Many of the reporters providing coverage on the mountain pine beetle epidemic in this province are too young to know how it truly unfolded and led to last weeks announcement of Canfor closing the PG Pulp Mill. …I was President of the Northern Forest Products Association (NFPA), which represented the interests of all the sawmills in the northern half of BC. The mountain pine beetle has always been in our forests and always will be. …However, as winters warmed up in the late 90s the beetle found a foothold in Tweedsmuir park and its populations started to explode. NFPA took up the fight in 1998 with a massive public awareness campaign in BC and numerous trips were made to visit MPs in Ottawa. …British Columbians will also have forgotten that forest industry attempts to log the initial infestation in the park to avoid its spread was opposed vigorously by the entire environmental movement and government.

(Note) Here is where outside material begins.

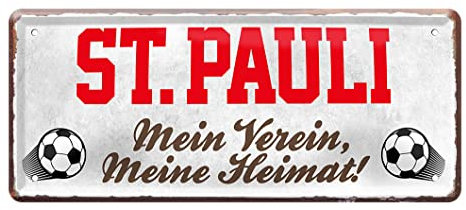 St. Pauli Fan Blechschild - Retro Fußball Schild - Deko Fanartikel für Wohnzimmer Kinderzimmer Werkstatt - schöne Geschenkidee für große und kleine Sankt Paulianer Fussball Fans - 28x12cm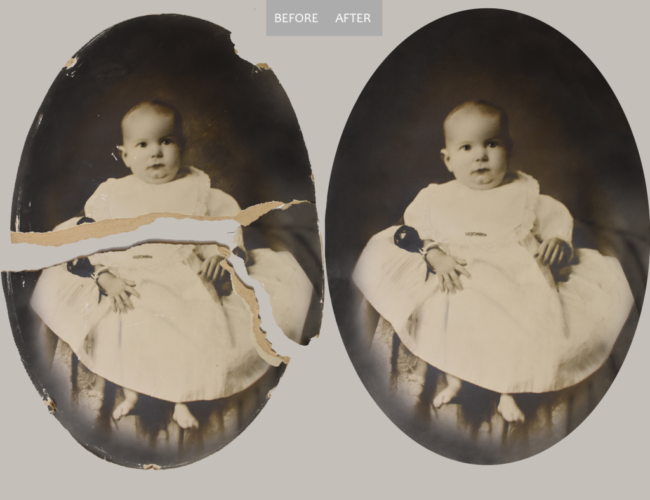 Before and After Depicting Photo Repairs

What of course unfolded was a historic firestorm of beetles with immense populations that ravaged and killed over 85% of the lodgepole pine forests in the interior, including young plantations, over the next 10 years. NFPA member attempts to speed up logging to contain the spread of the beetle were met with opposition from within government, thereby allowing the vast areas of healthy timber to be infested and die. Yes portions of those dead forests were logged over the last 25 years but the fiber was not the same value and many areas simply died because the size of the devastation was too great. …It took 15 to 24 years to begin to feel the full effects of the epidemic but those effects, namely closure of interior mills due to a lack of timber have occurred, with Prince George Pulp being one of the latest casualties. Regrettably, there will be more closures in the years ahead as the fiber supply shortages continue.